* **Work request**
Leaving out the pictures, output the lines from the one that contains "Orman'a sürpriz yanıt!" through the end of the material, exactly as they stand.

* **Dataset records**

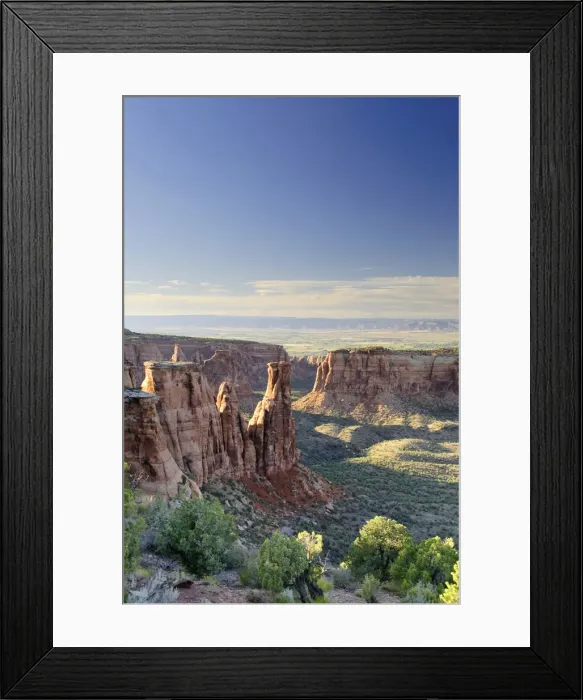 Framed Print : Monument Canyon, Colorado National Monument, Great Junction, Colorado, USA Framed Print : Monument Canyon, Colorado National Monument, Great Junction, Colorado, USA
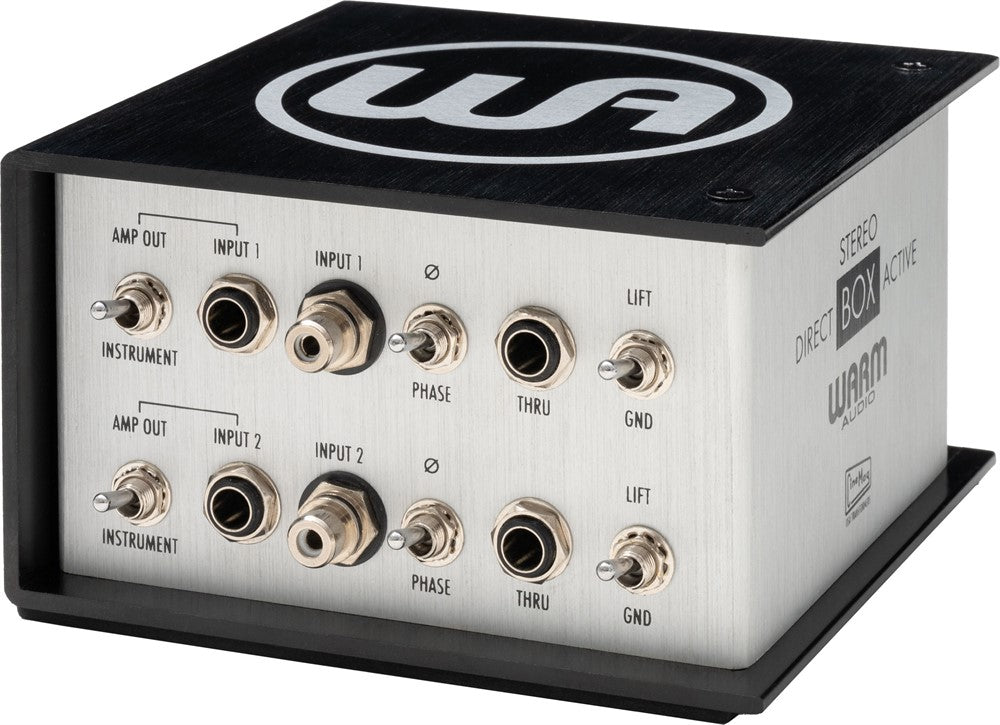 DI Box stereo attiva Warm Audio WA-DI-A2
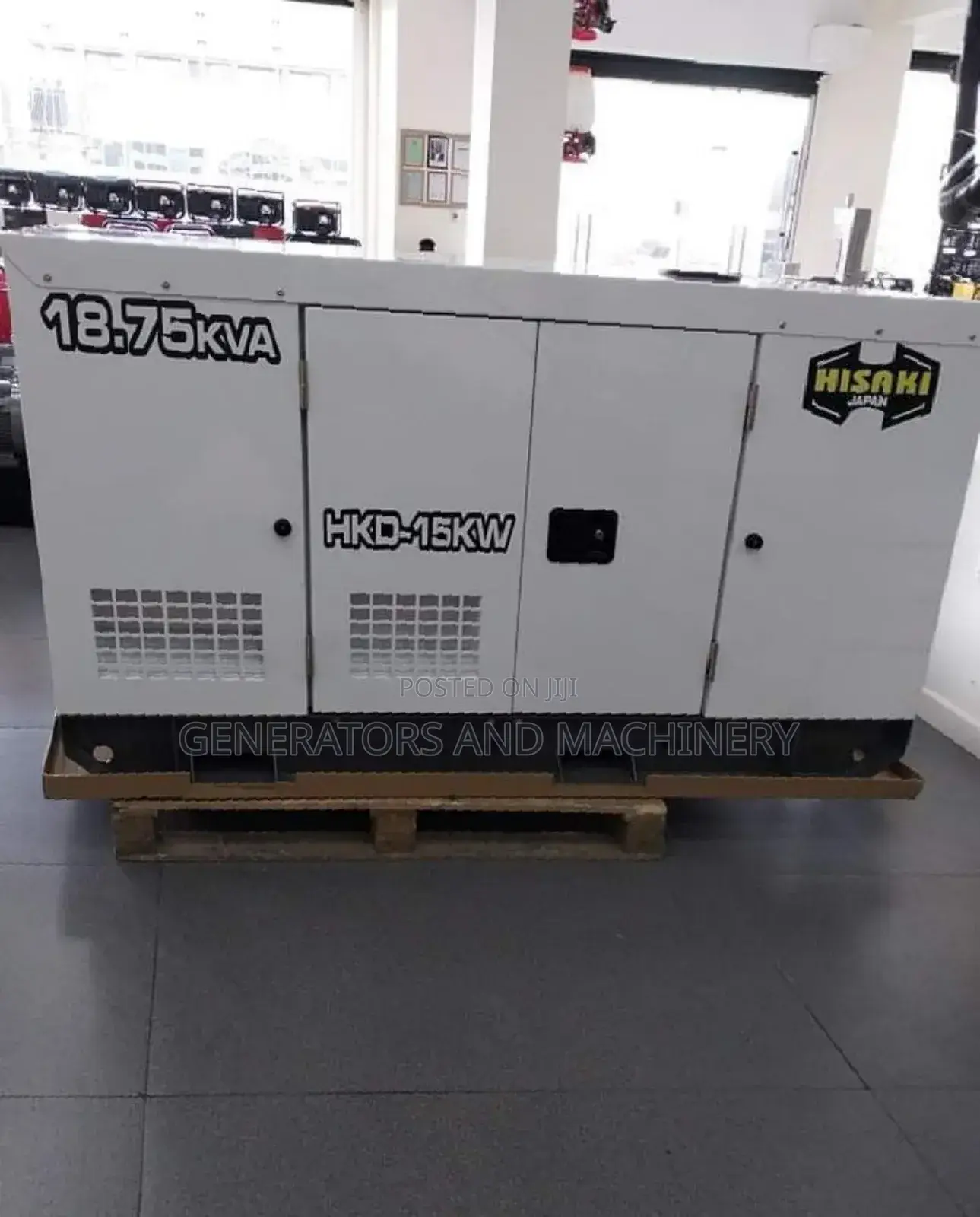 18.75kva Silent Diesel Generator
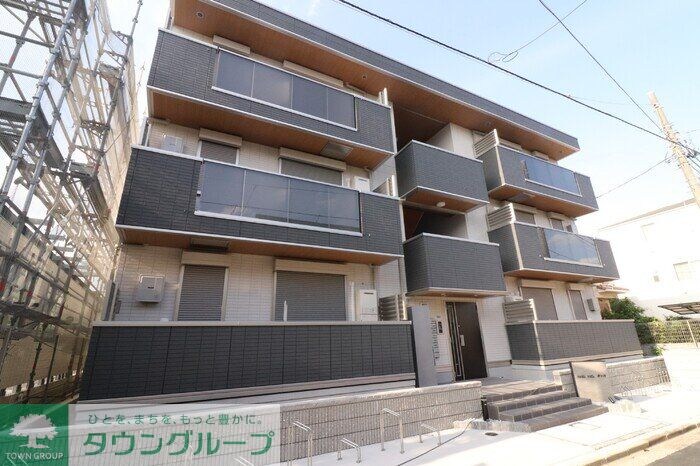 Noble Villa針ヶ谷の物件外観写真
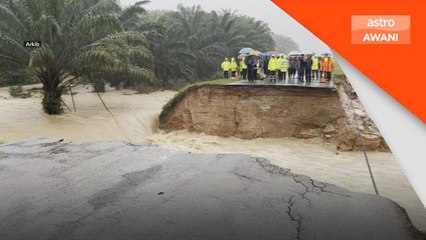 Lebih 34,000 mangsa terjejas di lima negeri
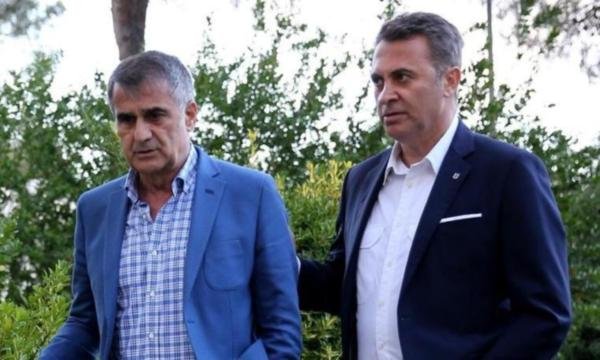 'Şenol Güneş'ten Fikret Orman'a sürpriz yanıt! 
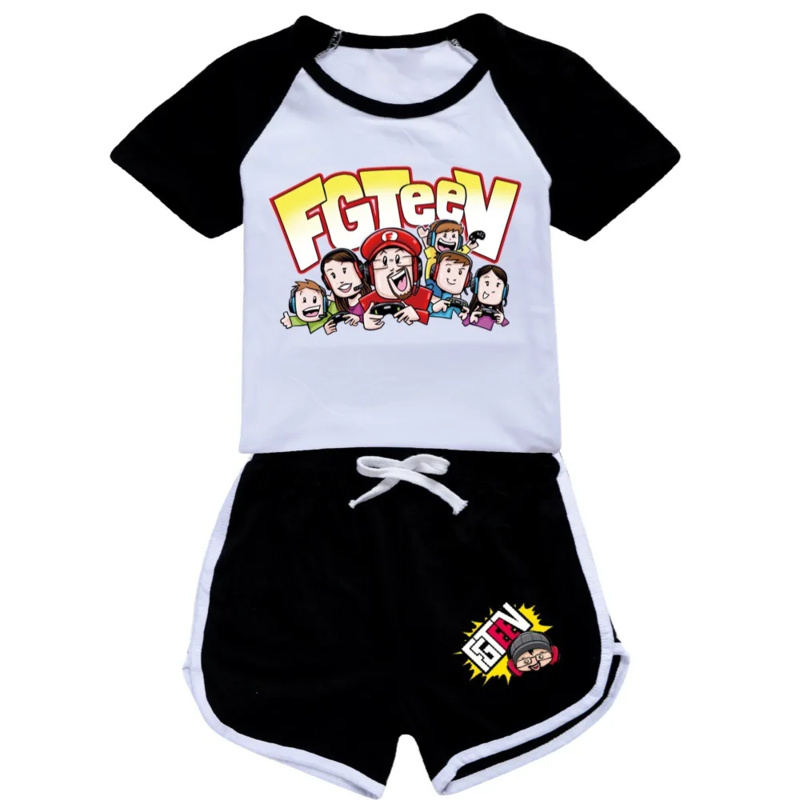 AIAI 2025Fgteeve, детская одеж – обзор и цена Summer Clothing For Girls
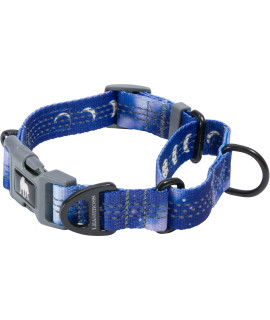 Leashboss Martingale Collar for Dogs Reflective Nylon Dog Collar for Large Dogs, Medium and Small Dogs No Pull Pet Training Collar Small Quick Release Buckle, Adjustable Pet Collar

* **Exercise response**
 'Şenol Güneş'ten Fikret Orman'a sürpriz yanıt! 
 AIAI 2025Fgteeve, детская одеж – обзор и цена Summer Clothing For Girls
 Leashboss Martingale Collar for Dogs Reflective Nylon Dog Collar for Large Dogs, Medium and Small Dogs No Pull Pet Training Collar Small Quick Release Buckle, Adjustable Pet Collar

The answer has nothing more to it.